Mining and the environment
The impact of the mining industry on the environment has been a public concern, with growing appreciation of the natural environment and increasing awareness of the possible harmful effects that the industry's activities can cause. The industry and government have responded with a number of initiatives and regulations to protect and manage the environmental effects of mining activities.
The extractive nature of mining operations creates a variety of impacts on the environment before, during and after mining operations. The extent and nature of impacts can range from minimal to significant depending on a range of factors associated with each mine. These factors include: the characteristic of the ore body; the type of technology and extraction methods used in mining and the on-site processing of minerals; and the sensitivity of the local environment. The environmental impacts of mining, although significant, are generally confined to local areas. Apart from direct physical impacts of extractive activities, contamination of air, land and water may also result. However, mining in isolation may not be the main land use that upsets ecological systems, as environmental effects are cumulative in nature and other past activities or events may have contributed to these effects.
This article briefly discusses the main environmental impacts of mineral mining, such as wastes, and the rate of resource use (where the supply of minerals depends on the rate of resource use, which is affected by the economic life of mineral deposits and the rate at which new reserves are discovered). The article also summarises environmental management initiatives, such as the use of legislation, environmental impact assessments, environmental protection expenditure, rehabilitation and industry self-regulation.
Impact of the mining industry on the environment
Mineral exploration can impact on the environment. Its effect depends on the scale of exploration and what equipment is used in the exploration phase. Initial exploration may involve the use of satellites and aerial photography, with the latter impacting through noise and proximity to wildlife areas when conducted at a low altitude. Activities at ground level often require the use of bore holes, excavation pits and transect lines. The use of support equipment also leaves an impact on the environment; exploration vehicles require access tracks, and even helipads, if left unrehabilitated, can have medium- to long-term effects.

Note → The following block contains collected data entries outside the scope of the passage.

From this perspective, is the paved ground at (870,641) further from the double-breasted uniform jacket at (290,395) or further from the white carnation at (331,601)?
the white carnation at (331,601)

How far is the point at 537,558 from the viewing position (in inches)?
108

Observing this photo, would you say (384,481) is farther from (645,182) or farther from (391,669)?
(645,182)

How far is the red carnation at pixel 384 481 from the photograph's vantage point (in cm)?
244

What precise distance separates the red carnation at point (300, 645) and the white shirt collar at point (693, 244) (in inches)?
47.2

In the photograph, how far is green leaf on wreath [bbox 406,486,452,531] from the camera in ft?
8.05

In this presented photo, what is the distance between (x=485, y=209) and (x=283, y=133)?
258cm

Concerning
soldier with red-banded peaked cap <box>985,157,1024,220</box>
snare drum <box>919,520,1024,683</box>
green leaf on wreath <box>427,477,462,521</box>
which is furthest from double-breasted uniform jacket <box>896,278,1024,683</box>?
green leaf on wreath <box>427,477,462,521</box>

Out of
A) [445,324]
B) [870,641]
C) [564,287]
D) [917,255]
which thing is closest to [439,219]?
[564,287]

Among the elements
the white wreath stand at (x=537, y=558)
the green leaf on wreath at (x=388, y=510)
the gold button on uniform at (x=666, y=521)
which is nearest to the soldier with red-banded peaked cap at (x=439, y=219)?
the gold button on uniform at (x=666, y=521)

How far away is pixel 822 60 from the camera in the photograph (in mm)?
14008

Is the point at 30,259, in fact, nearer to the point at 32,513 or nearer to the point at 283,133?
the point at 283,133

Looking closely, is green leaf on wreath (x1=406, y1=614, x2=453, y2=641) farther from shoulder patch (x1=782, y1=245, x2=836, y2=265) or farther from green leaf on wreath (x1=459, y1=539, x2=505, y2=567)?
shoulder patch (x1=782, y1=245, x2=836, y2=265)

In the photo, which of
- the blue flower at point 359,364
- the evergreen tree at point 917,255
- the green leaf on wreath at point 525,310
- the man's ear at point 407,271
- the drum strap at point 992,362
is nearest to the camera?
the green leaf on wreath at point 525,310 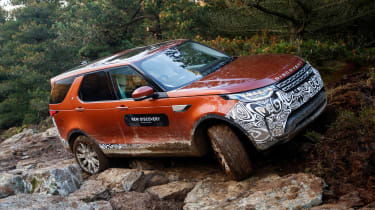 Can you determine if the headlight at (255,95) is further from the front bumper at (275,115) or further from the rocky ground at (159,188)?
the rocky ground at (159,188)

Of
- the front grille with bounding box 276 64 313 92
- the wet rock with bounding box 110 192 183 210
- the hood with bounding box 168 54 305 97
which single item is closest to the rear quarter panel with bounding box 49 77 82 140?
the wet rock with bounding box 110 192 183 210

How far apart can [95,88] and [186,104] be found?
1.97 metres

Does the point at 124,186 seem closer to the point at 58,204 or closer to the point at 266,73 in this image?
the point at 58,204

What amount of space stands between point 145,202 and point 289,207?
1901mm

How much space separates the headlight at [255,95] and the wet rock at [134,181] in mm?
2133

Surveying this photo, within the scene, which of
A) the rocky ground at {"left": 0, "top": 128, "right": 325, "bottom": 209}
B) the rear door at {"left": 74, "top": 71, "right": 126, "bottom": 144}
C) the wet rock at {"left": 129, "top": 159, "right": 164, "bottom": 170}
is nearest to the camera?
the rocky ground at {"left": 0, "top": 128, "right": 325, "bottom": 209}

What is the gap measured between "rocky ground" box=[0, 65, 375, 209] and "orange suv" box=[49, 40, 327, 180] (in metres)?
0.37

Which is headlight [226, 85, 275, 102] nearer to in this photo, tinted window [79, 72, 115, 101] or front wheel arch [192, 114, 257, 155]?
front wheel arch [192, 114, 257, 155]

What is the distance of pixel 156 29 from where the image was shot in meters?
16.7

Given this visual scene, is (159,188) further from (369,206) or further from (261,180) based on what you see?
(369,206)

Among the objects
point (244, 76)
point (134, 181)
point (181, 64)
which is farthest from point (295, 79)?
point (134, 181)

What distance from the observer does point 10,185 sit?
4.76 meters

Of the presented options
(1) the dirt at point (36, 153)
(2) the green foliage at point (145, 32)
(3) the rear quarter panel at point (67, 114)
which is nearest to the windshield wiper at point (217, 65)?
(3) the rear quarter panel at point (67, 114)

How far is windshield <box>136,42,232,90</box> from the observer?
5.00 meters
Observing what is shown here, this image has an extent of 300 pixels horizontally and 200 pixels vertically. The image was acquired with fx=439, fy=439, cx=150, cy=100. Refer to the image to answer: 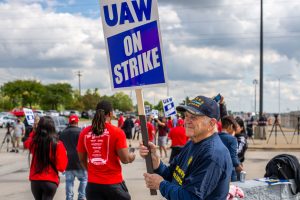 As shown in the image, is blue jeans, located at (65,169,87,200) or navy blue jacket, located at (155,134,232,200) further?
A: blue jeans, located at (65,169,87,200)

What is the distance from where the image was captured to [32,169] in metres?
5.67

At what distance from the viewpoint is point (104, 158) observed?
4.91 metres

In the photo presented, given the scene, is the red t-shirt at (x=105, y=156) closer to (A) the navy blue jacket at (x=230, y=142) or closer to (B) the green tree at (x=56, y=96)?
(A) the navy blue jacket at (x=230, y=142)

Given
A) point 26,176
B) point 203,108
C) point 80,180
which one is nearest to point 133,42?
point 203,108

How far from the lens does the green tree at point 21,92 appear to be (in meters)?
103

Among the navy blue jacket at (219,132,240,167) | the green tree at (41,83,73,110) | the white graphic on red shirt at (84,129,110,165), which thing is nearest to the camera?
the white graphic on red shirt at (84,129,110,165)

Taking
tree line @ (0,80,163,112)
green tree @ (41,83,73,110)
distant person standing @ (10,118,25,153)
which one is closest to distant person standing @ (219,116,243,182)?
distant person standing @ (10,118,25,153)

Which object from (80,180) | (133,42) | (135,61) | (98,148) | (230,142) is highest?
(133,42)

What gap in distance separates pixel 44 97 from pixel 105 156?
108 m

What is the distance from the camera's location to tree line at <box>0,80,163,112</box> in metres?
104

Environmental impacts may also occur through mine establishment, ore extraction, mineral concentration and associated transport, provision of infrastructure (which may include whole townships) and downstream processing.

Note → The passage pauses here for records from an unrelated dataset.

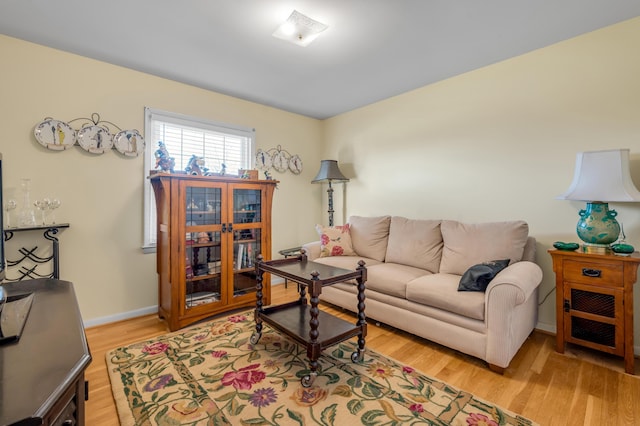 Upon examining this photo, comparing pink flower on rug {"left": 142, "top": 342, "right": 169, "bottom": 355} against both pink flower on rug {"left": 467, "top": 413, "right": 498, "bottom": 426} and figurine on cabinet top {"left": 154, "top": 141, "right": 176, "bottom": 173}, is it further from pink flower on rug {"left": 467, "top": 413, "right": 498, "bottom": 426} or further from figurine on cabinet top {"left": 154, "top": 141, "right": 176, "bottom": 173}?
pink flower on rug {"left": 467, "top": 413, "right": 498, "bottom": 426}

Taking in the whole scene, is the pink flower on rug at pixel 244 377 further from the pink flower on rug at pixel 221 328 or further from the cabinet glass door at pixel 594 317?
the cabinet glass door at pixel 594 317

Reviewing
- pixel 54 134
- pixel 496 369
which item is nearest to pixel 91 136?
pixel 54 134

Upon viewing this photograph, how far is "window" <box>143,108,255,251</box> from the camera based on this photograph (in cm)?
297

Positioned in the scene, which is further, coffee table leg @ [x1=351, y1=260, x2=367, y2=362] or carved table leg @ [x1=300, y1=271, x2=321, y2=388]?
coffee table leg @ [x1=351, y1=260, x2=367, y2=362]

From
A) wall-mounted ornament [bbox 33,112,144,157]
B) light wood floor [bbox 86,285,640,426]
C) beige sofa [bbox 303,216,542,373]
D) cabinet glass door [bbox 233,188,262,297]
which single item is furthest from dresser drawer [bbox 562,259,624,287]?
wall-mounted ornament [bbox 33,112,144,157]

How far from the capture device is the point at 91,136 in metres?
2.64

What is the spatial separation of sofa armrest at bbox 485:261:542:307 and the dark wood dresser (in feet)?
6.94

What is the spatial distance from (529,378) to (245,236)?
257cm

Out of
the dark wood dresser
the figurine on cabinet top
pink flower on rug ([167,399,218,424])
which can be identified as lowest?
pink flower on rug ([167,399,218,424])

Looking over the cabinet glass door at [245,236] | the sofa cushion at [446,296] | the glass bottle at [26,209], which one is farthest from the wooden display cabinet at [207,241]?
the sofa cushion at [446,296]

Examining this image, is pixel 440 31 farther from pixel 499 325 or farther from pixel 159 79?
pixel 159 79

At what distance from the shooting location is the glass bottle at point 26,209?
2.34m

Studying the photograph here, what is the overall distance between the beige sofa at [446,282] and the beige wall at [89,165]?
1.89 metres

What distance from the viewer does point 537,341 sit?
94.3 inches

Inherent to mining and mineral processing operations is the generation of wastes. These are mostly in the form of waste rocks, including surface waste rocks, rocks between ore bodies or layers and other unwanted material. This form of waste contains low or nil concentrations of the material desired and is often relatively toxic. Normally, waste rocks are stockpiled or dumped adjacent to or near the excavation area, to be used later as backfill during reclamation.
Mineral processing produces wastes in grain sizes of fine sand, silt and clay fractions. Referred to as mine tailings, this type of waste contains significant concentrations of minerals that are not amenable to recovery at the time of initial mining. Tailings are usually disposed of in specially lined tailings dams, which are normally capped and revegetated to prevent the release of environmentally harmful materials. Other wastes from mining may be in the form of water and air pollution. The majority of air emissions associated with the mining industry include dust, oxides of nitrogen, sulphur dioxide and carbon monoxide. Some of these come from mining vehicles and on-site plant machinery. Water quality may be affected by:
Acid mine drainage - when large quantities of excavated rock containing sulphide minerals interact with water and oxygen to create sulphuric acid.
Heavy metal contamination and leaching - heavy metals occur naturally in many ores, and are often released in the mineral extraction process. Metals (i.e. arsenic, cobalt, copper, cadmium, lead, silver and zinc) contained in an excavated or exposed rock may be leached out and carried downstream by flowing water.
Processing chemical pollution - spilling, leaking or leaching of chemical agents (i.e. cyanide, sulphuric acid) from the minesite into nearby water bodies.
Erosion and sedimentation - erosion of cleared land surface and dumped waste material resulting in sediment loadings into the adjacent water bodies, particularly during rainfall.
Environmental impacts resulting from mining are not limited to current mining operations. Mining residues and scars at old mining sites may also impact on local environments. The legacy of abandoned, unrehabilitated minesites has required comprehensive remediation efforts paid for with taxpayers funds. One example is the Upper South Alligator River (north of Katherine) which forms part of Stage III of the Kakadu National Park World Heritage area. As the numbers of visitors increased to the area, a hazard reduction works program was conducted during the early 1990s (Mudd 2000).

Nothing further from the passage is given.